El pasado miércoles recibí una llamada de Luis Baras, director de La noche más hermosa, el programa nocturno de fin de semana en Canal Sur Radio, con los que estuve recientemente para hablar sobre La fiesta de Orfeo. En aquella ocasión me invitaron a pasar con ellos todo el programa, y disfruté tanto que me mostré más que dispuesto a volver en cuanto hubiese oportunidad.

Esa ocasión se ha presentado ahora en forma de vacante tras la marcha de un colaborador. Ante la necesidad de cubrir ese puesto, el equipo ha tenido el amable detalle de acordarse de un servidor, y no me he podido resistir a aceptar la propuesta.

Así que, a partir de hoy, estaré cada madrugada de viernes a sábado, de dos a cuatro de la madrugada, en el dial de Canal Sur Radio. Tendré una sección propia sobre crónica negra (muy “Raymond Chandler”: de asesinos en serie a mafiosos, crímenes sin resolver, atracos legendarios…) y participaré en la tertulia que cada día abordará algún tema de actualidad, siempre en un tono ameno y desenfadado, a la medida del tipo de programa entretenido y cercano que exige la radio nocturna.

Por suerte, estas semanas no han sido escasas en lo que a buenas noticias se refiere, pero esta oportunidad que se me ha presentado ha sido algo muy, muy especial, tal vez por lo inesperado de la misma y por venir a cubrir un deseo acariciado desde hace tanto tiempo. ¿Quién sabe cómo irá la cosa? Espero, sinceramente, que esto no sea más que el primer paso de un cálido reencuentro.

Cierro la entrada a ritmo de Nat King Cole, interpretando el tema Blue Gardenia, que en versión de Billie Holiday me servía para abrir cada semana el citado programa de jazz.

7 Responses to “Vuelvo a la radio… sueño cumplido”

  1. sempiterna Says:

    Jeje, qué tiempos. Nch. Ay.

    Estoy convencida que esto no es más que el principio del reencuentro. Seguro que va genial y lo pasas bien, que eso es muy importante también. Disfrutarás un montón.

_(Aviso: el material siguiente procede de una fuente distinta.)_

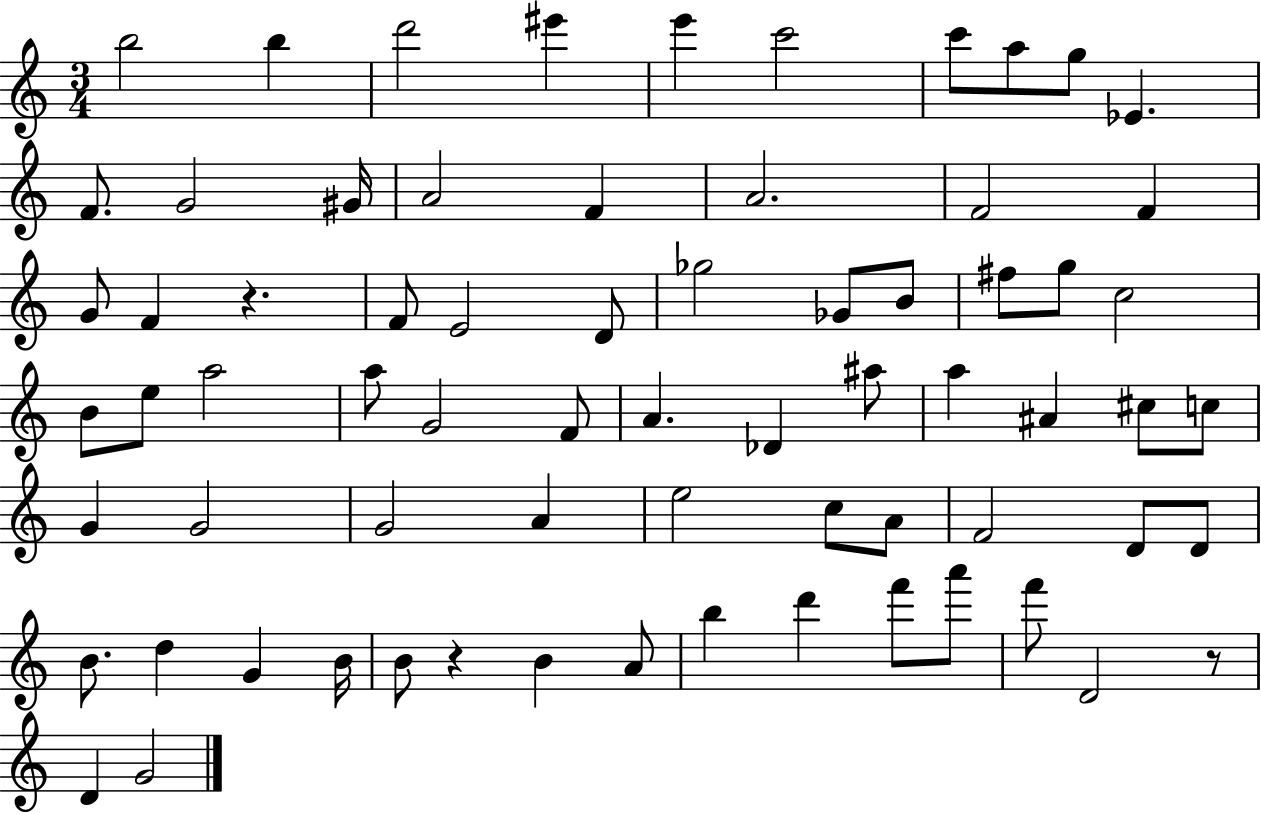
{
  \clef treble
  \numericTimeSignature
  \time 3/4
  \key c \major
  \repeat volta 2 { b''2 b''4 | d'''2 eis'''4 | e'''4 c'''2 | c'''8 a''8 g''8 ees'4. | \break f'8. g'2 gis'16 | a'2 f'4 | a'2. | f'2 f'4 | \break g'8 f'4 r4. | f'8 e'2 d'8 | ges''2 ges'8 b'8 | fis''8 g''8 c''2 | \break b'8 e''8 a''2 | a''8 g'2 f'8 | a'4. des'4 ais''8 | a''4 ais'4 cis''8 c''8 | \break g'4 g'2 | g'2 a'4 | e''2 c''8 a'8 | f'2 d'8 d'8 | \break b'8. d''4 g'4 b'16 | b'8 r4 b'4 a'8 | b''4 d'''4 f'''8 a'''8 | f'''8 d'2 r8 | \break d'4 g'2 | } \bar "|."
}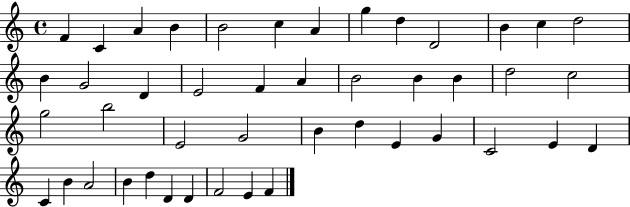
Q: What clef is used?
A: treble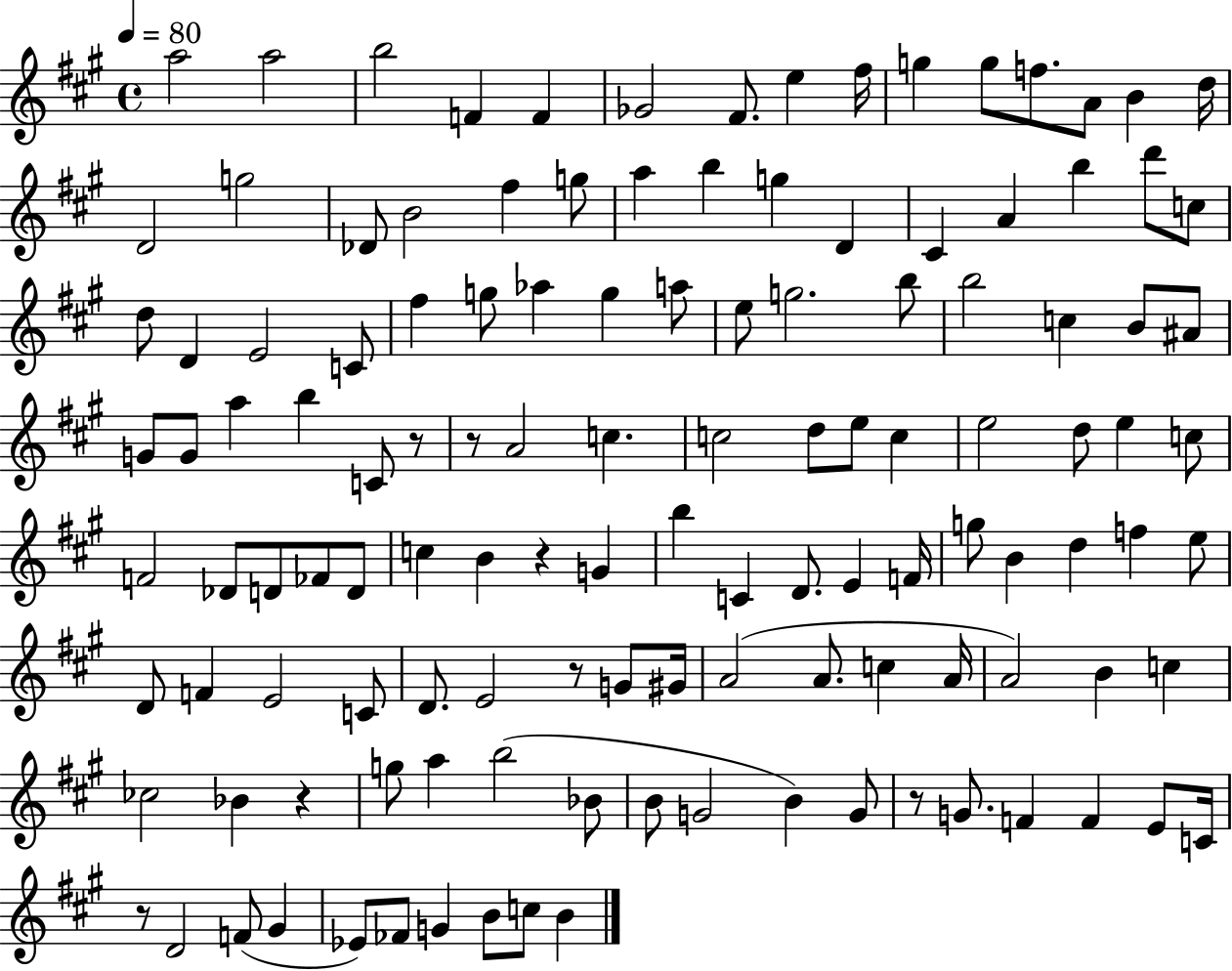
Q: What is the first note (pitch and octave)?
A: A5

    Desde aquí me comprometo públicamente a intentar escucharte… aunque a esa hora, Morfeo, que no Orfeo, suele haberse pasado a recogerme. Jeje. Pero empezaré a tomar café los viernes a las 19h!!

    Beso.

  2. Javier Márquez Sánchez Says:

    Uy, es cierto, se me había olvidado apuntarlo: los programas los cuelgan en el blog de ‘La noche más hermosa’ (ver link en el texto), así que para escucharlo no hay que trasnochar…

  3. Violeta Says:

    Uffs!! Menos mal que cuelgan los programas, si no….. me veía pegándome cabezazos contra la pared para permanecer despierta, jajajjajaa.
    Enhorabuenaaaaaaaaaaaaaaaa!!!

    Ya iremos echándole una orejilla a tu programa!!!
    Un beso enorme

  4. Kinezoe Says:

    Enhorabuena nuevamente, amigo! Jo, qué racha… A eso le llamo yo estar en la cresta de la ola… Jeje…

    Qué suerte que cuelguen los programas en la web; será mucho más fácil escucharte. Allí estaremos. Suerte en tu nueva etapa en las ondas!

  5. Javier Márquez Sánchez Says:

    ¡Gracias, amigos!

  6. Pablo Lozano Says:

    Bueno tenía tu blog un poco olvidado (motivos laborales), con retraso pero me alegro mucho, no es porque halla compartido momentos radiofonicos con él pero pienso que es “su medio”.

    Por cierto, estoy leyendo apasionadamente tu libro.

    Abrazos de Pablo.

  7. Javier Márquez Sánchez Says:

    Mi querido Pablo… ¡qué gran alegría volver a tenerte por aquí! ¡Cuántos recuerdos no atesoramos de aquellos años, ¿verdad?!